In a few days, Congress will vote on whether or not to support our proposal to help restore peace and democracy in Nicaragua. Few votes will ever be so important to the survival of democracy in Latin America and the Caribbean. Few votes will ever be so important to the national security of the United States.

On March 1st, the leaders of the democratic resistance of Nicaragua, the so-called contras, sent a peace proposal to the Communists, who've taken over their country. The proposal called for a cease-fire and church-mediated negotiations that would lead to free and honest elections.

We've asked the democratic resistance to extend their offer until June 1st, and we're asking Congress to show its support for peace negotiations by releasing humanitarian aid to the democratic resistance. This support is crucial.

Negotiations would be our best and possibly last opportunity to steer the Sandinista Communists away from their present brutal course and back toward the democratic and peaceful promises of their revolution.

The responsibility now rests squarely on the shoulders of Congress. A vote for humanitarian aid to the democratic resistance will signal the United States' resolve on this issue. And courage and resolve are the only way to convince the Sandinista Communists to come to the negotiating table.

A vote against our proposal, however, could mean the beginning of the end to all hopes of peace and democracy in Central America. Already, the followers of Qadhafi and the Ayatollah Khomeini are in Nicaragua -- about 2 hours by air from United States borders. And just this week, we confirmed the presence of Russian military personnel in the battle zones of northern Nicaragua.

The Soviet terrorist-bloc nations know what is at stake in Nicaragua. That's why, in the 7 months since Congress cut off aid to the democratic resistance, they've been pouring in weapons and personnel to their Communist allies, hoping to wipe out the democratic forces while they're most vulnerable.

And that's why, rather than negotiate with the democratic resistance, the Communists are still betting that the United States will abandon its friends. A recent article in the New York Times reported that the ``Sandinistas pin hopes on Congress.'' You heard me right. The Sandinista Communists are lobbying your Senators and Representatives. Together with the misguided sympathizers in this country, they've been running a sophisticated disinformation campaign of lies and distortion.

And now we're told that in a cynical attempt to manipulate public opinion and our Congress, the Communists may put forth an 11th hour so-called peace proposal, a proposal aimed at blocking aid to the democratic resistance and giving the Communists a free hand to tighten their grip on the Nicaraguan people. The Communists know that if they can persuade Congress to cut off aid, they'll never have to negotiate with the democratic opposition. And they believe if they can stop aid to the democratic resistance, nothing can stop them.

Unfortunately, some are using this issue to play partisan politics. Before we'd even announced our peace plan, the Speaker of the House called our peace offer a dirty trick. How could church-mediated peace negotiations be a dirty trick? Do they really think the church would ever cooperate in a trick?
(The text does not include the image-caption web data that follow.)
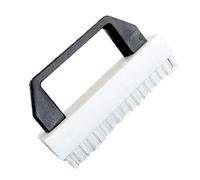 AC Fin Comb | 2-in-1 Cleaning Stiff Bristle Straightener | Condenser Duct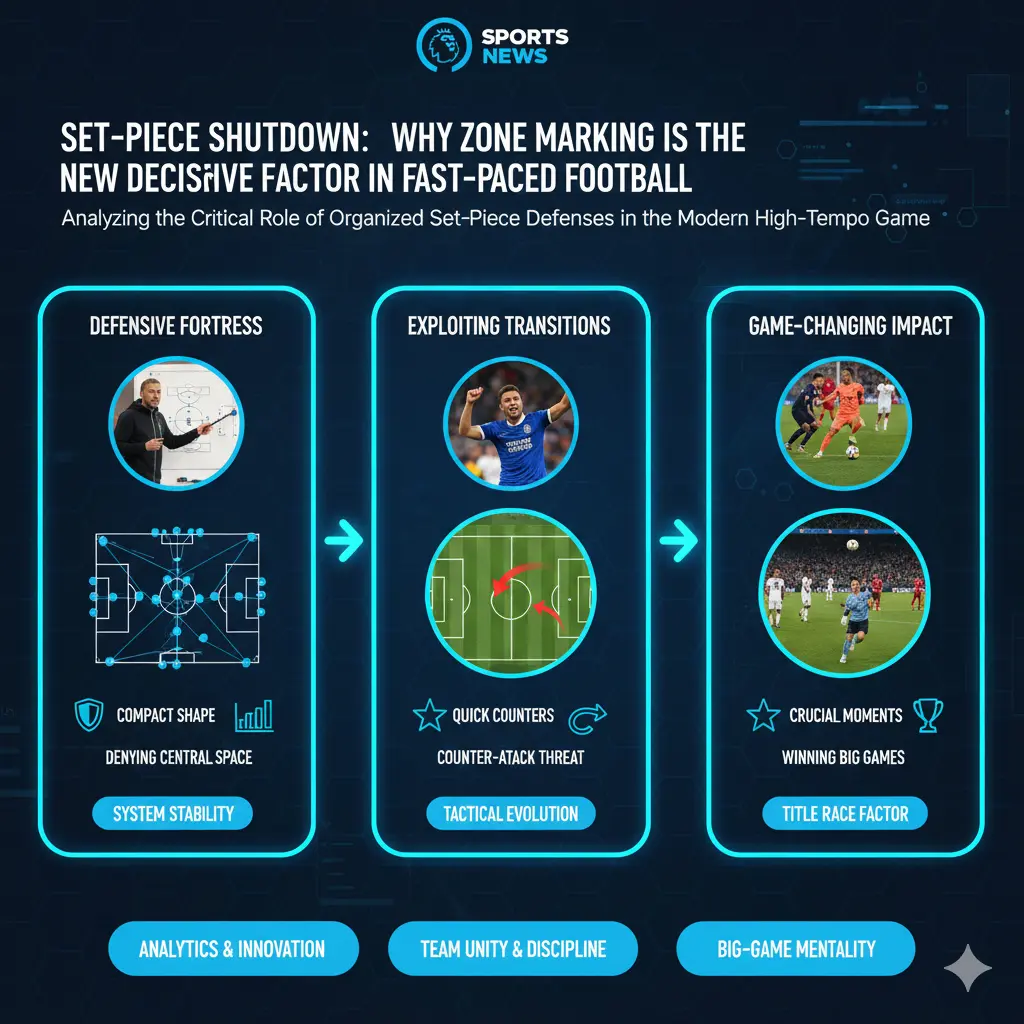 ทำไมการอ่านไลน์กองหลังถึงสำคัญกว่า เปิดมุมมองใหม่ของกองหน้า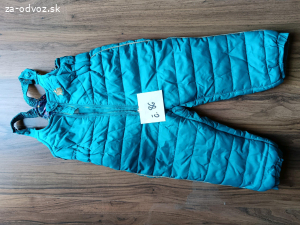 Darujem zimné overaly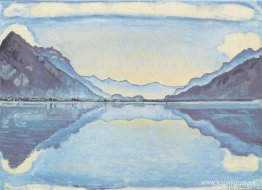 Thun med symmetrisk spegling Thun med symmetrisk spegling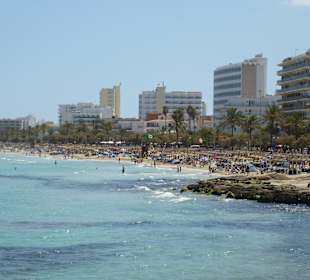 Strand Cala Millor
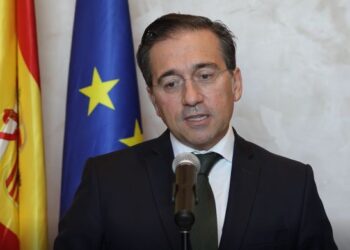 Albares asegura que el Real Decreto para el embargo de armas a Israel estará listo “en cuestión de días”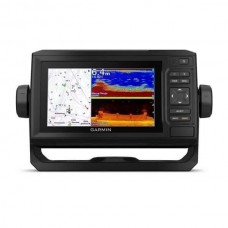 Эхолот Garmin ECHOMAP UHD 62cv с датчиком GT24 (010-02329-01)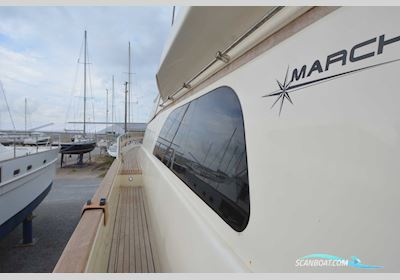 MARCHI SPA 65 Motorboat 1993, with MAN engine, France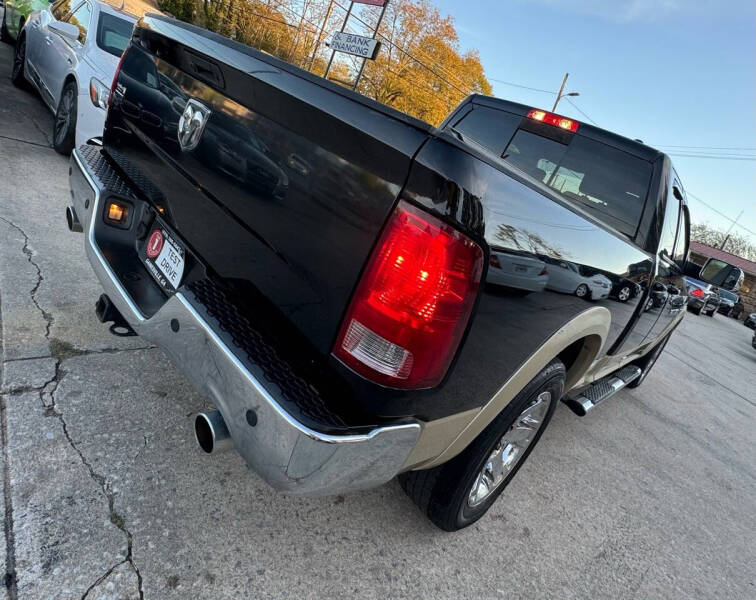 2011 RAM Ram 1500 Pickup Laramie photo 11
The opponents of our plan in the House have announced a formula for turning the democratic resistance into homeless refugees. Their alternative to a plan for peace and democracy would only provide assistance to the democratic forces if they abandon their struggle to liberate Nicaragua -- in other words, surrender to communism. They would, in fact, aid the Soviet-Cuban-Sandinista effort to get rid of the democratic resistance.
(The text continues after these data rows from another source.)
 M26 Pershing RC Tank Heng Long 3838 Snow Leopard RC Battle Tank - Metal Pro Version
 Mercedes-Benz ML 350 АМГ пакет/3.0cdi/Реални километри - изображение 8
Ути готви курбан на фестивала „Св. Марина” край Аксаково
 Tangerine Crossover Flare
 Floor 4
We're asking Congress to be consistent and support those who are fighting communism in Nicaragua, just as we support the democratic resistance in Afghanistan and Cambodia.

Let me speak plainly. Any proposal that abandons over 15,000 members of a democratic resistance to Communists is not a compromise; it's a shameful surrender. If Congress ever approves such a proposal, it would hasten the consolidation of Nicaragua as a Communist-terrorist arsenal. And it would give a green light to Soviet-sponsored aggression throughout the American mainland, ultimately threatening our own security.

But Congress can prevent a crisis by supporting peace negotiations now. Don't let the Sandinista Communists and their sympathizers be the only voices heard. Let our Members of Congress and Senators hear the voices of you who love liberty and democracy, too. Let's give peace a chance in Nicaragua and in all of Central America.

Until next week, thanks for listening, and God bless you.

Note: The President spoke at 12:06 p.m. from Camp David, MD.